Hebrews 11

1 Now faith is the assurance of things hoped for, the conviction of things not seen.
2 For by it the men of old received divine approval.
3 By faith we understand that the world was created by the word of God, so that what is seen was made out of things which do not appear.
4 By faith Abel offered to God a more acceptable sacrifice than Cain, through which he received approval as righteous, God bearing witness by accepting his gifts; he died, but through his faith he is still speaking.
5 By faith Enoch was taken up so that he should not see death; and he was not found, because God had taken him. Now before he was taken he was attested as having pleased God.
6 And without faith it is impossible to please him. For whoever would draw near to God must believe that he exists and that he rewards those who seek him.

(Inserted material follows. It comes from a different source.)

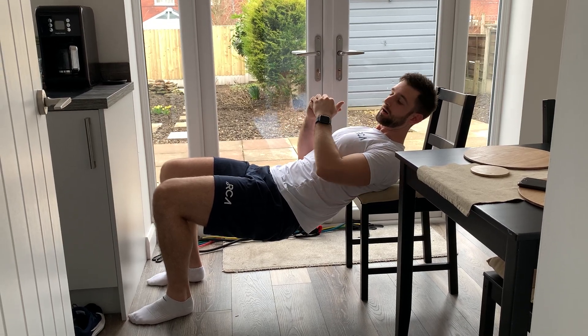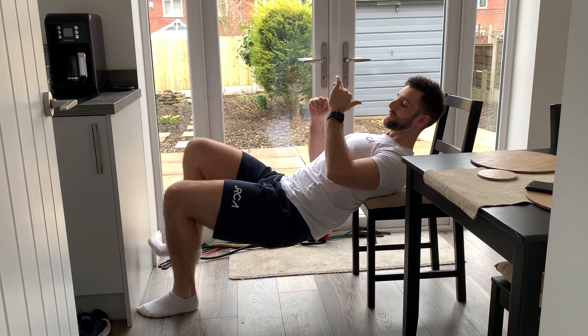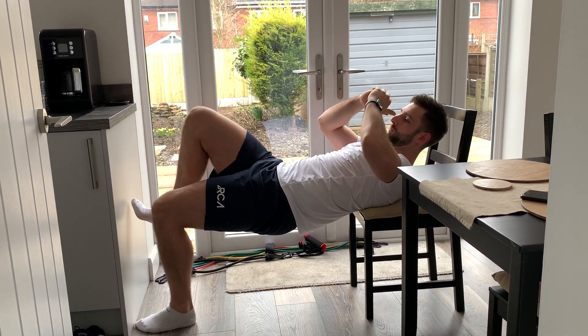Single leg glute bridges with your back on a chair. I lift one leg up — I'll switch legs for you — and all I'm going to do is drop the hips down and then push up through that one leg.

7 By faith Noah, being warned by God concerning events as yet unseen, took heed and constructed an ark for the saving of his household; by this he condemned the world and became an heir of the righteousness which comes by faith.

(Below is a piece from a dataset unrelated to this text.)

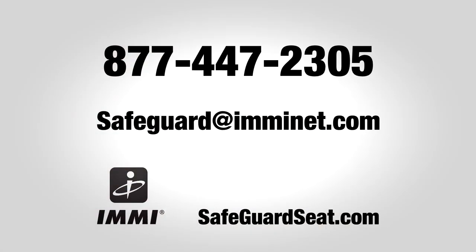Thank you for taking the time to watch this video today. As you can see, Safeguard Star is the easiest restraint system to install and use, and it's the only child passenger seat made exclusively for school buses. If you have any questions or comments, please don't hesitate to contact us at the number or email on your screen.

8 By faith Abraham obeyed when he was called to go out to a place which he was to receive as an inheritance; and he went out, not knowing where he was to go.
9 By faith he sojourned in the land of promise, as in a foreign land, living in tents with Isaac and Jacob, heirs with him of the same promise.
10 For he looked forward to the city which has foundations, whose builder and maker is God.
11 By faith Sarah herself received power to conceive, even when she was past the age, since she considered him faithful who had promised.
12 Therefore from one man, and him as good as dead, were born descendants as many as the stars of heaven and as the innumerable grains of sand by the seashore.
13 These all died in faith, not having received what was promised, but having seen it and greeted it from afar, and having acknowledged that they were strangers and exiles on the earth.
14 For people who speak thus make it clear that they are seeking a homeland.
15 If they had been thinking of that land from which they had gone out, they would have had opportunity to return.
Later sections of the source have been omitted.